Giardino condominiale: quali distanze rispettare?

di Redazione

Chi vive in un condominio sa bene quante difficoltà ci siano nel fare andare bene le cose: le parti comuni sono solitamente quelle sulle quali si litiga maggiormente. Oggi ci occupiamo del giardino condominiale, in particolare sulle distanze da rispettare e sulla sua manutenzione.

Per quel che riguarda la coltivazione e messa a dimora della vegetazione, occorre fare attenzione in base alle singole tipologie di piante cui si fa riferimento. In particolare le siepi e gli alberi dovranno essere messi a dimora rispettando la distanza di almeno tre metri dal confine, mentre per gli altri alberi è sufficiente un metro e mezzo. Per le siepi e per le piante non ad alto fusto, la distanza dal confine è di cinquanta centimetri.

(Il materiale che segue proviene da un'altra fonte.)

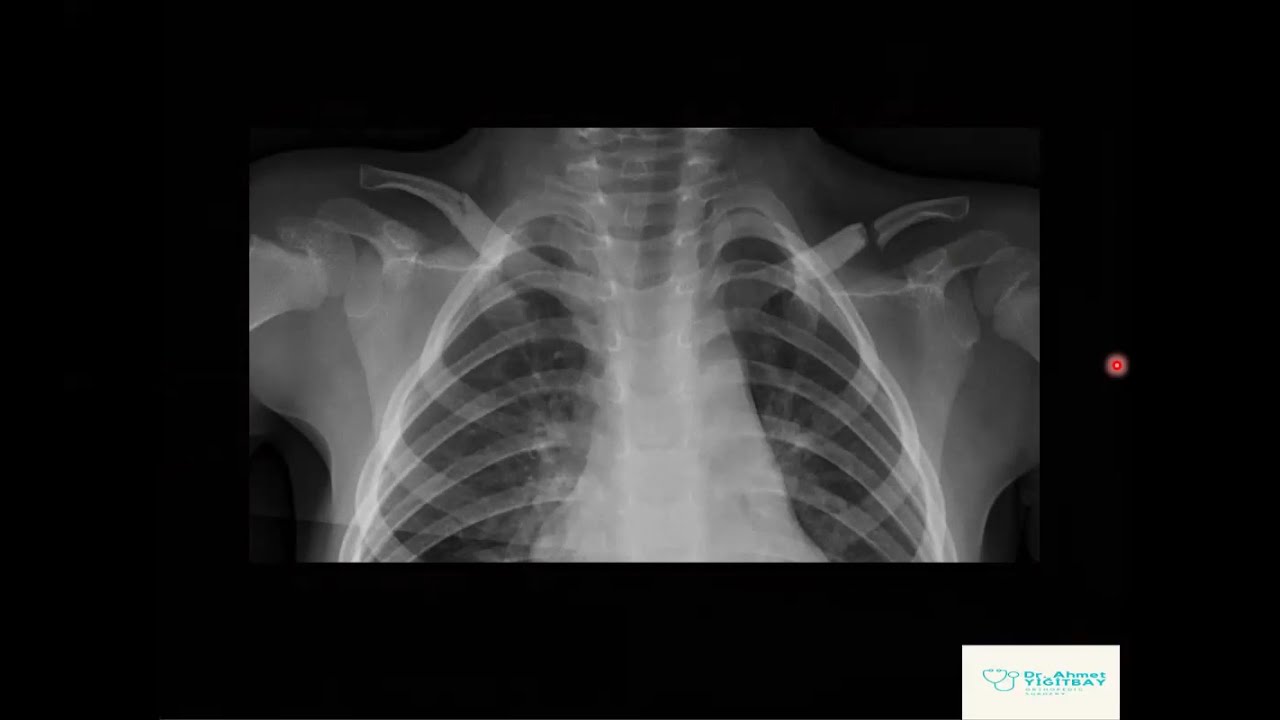 Pediatrik Omuz Röntgeni Yorumlama Teknikleri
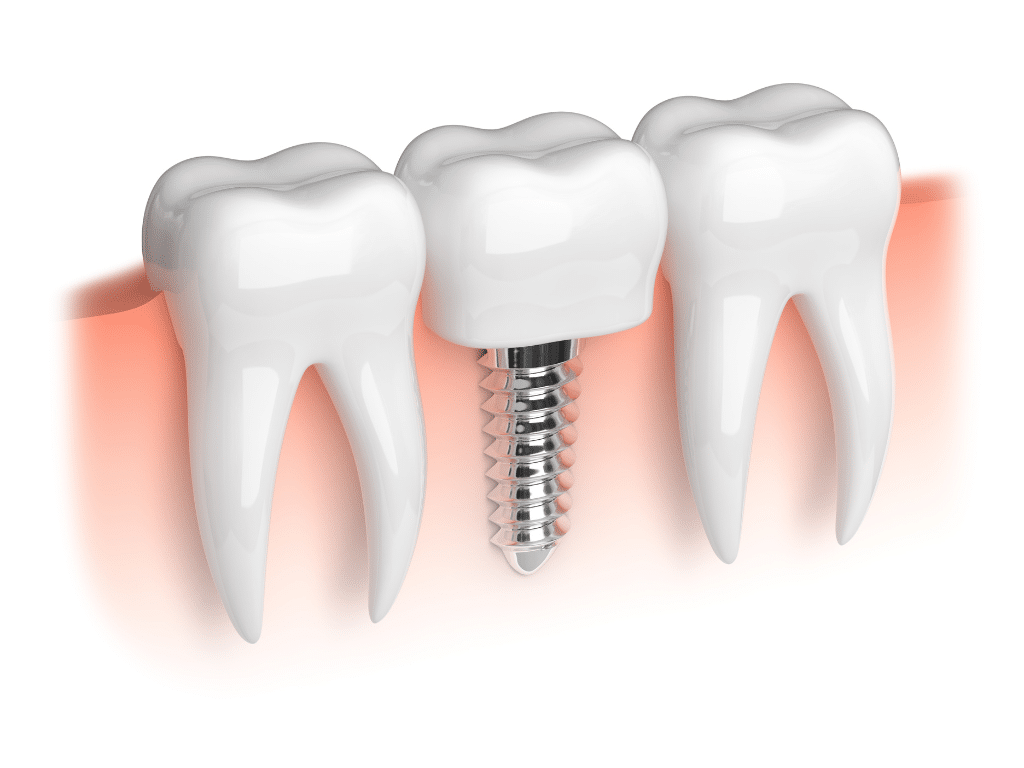 Dental Implants and Orthodontics in Caledonia Coordinating Care for a Perfect Smile
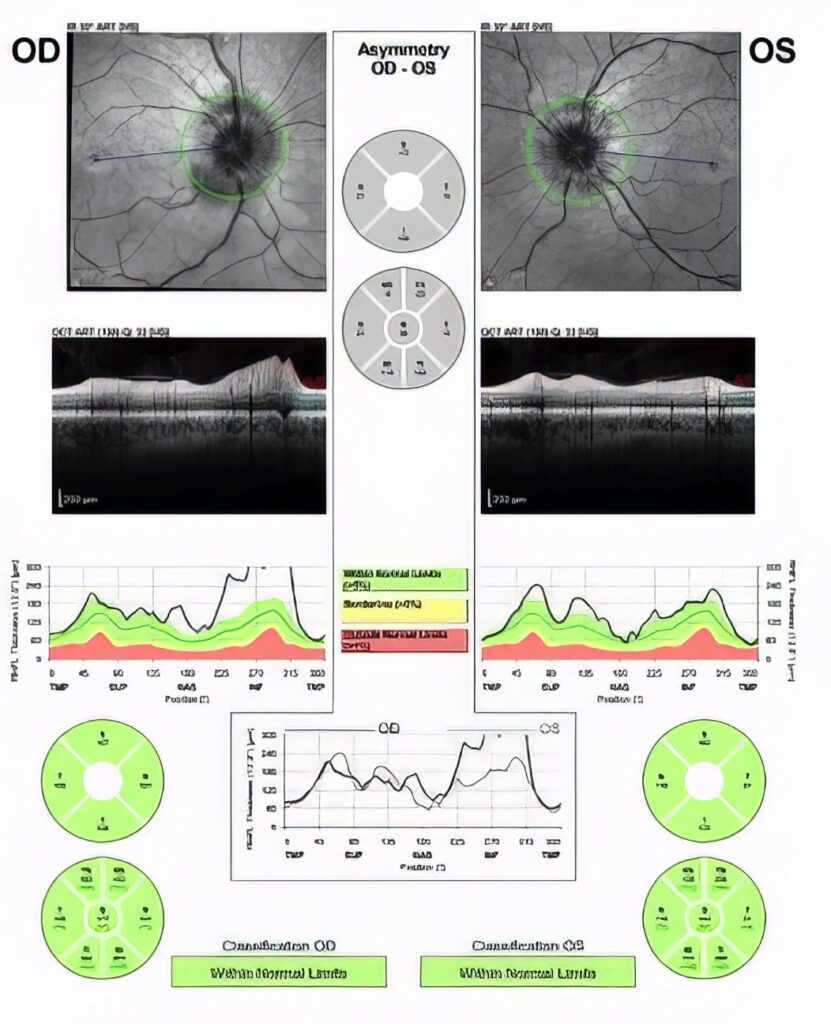 Spectral Domain Optical coherence tomography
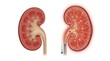 © Jayk - Illustration comparing a healthy kidney to a kidney with stones and inflammation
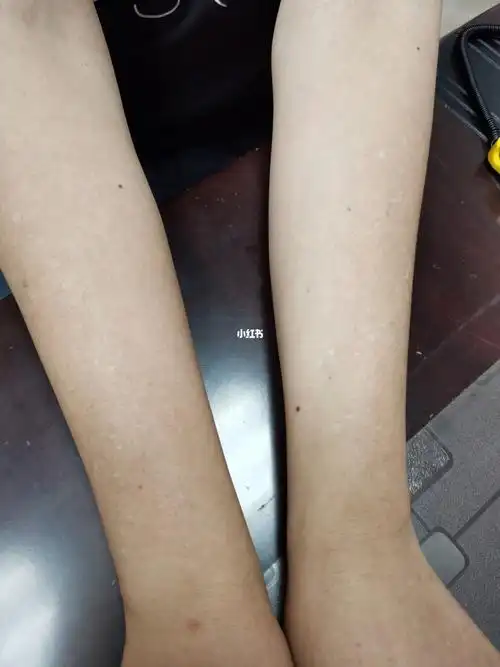 特发性点状白斑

Anche per quel che attiene alla manutenzione del giardino condominiale occorre chiarire alcuni aspetti. In particolare gli alberi e le piante che si trovano nelle zone comuni possono essere tagliati e rimossi solo se costituiscono un pericolo concreto per persone o cose.

In alternativa la loro rimozione può avvenire nel caso in cui non siano stati piantati a distanza regolamentare. E per quel che attiene alle spese di manutenzione? In questo caso la legge è chiara: le spese vanno suddivise tra tutti i condomini in base ai  millesimi di proprietà.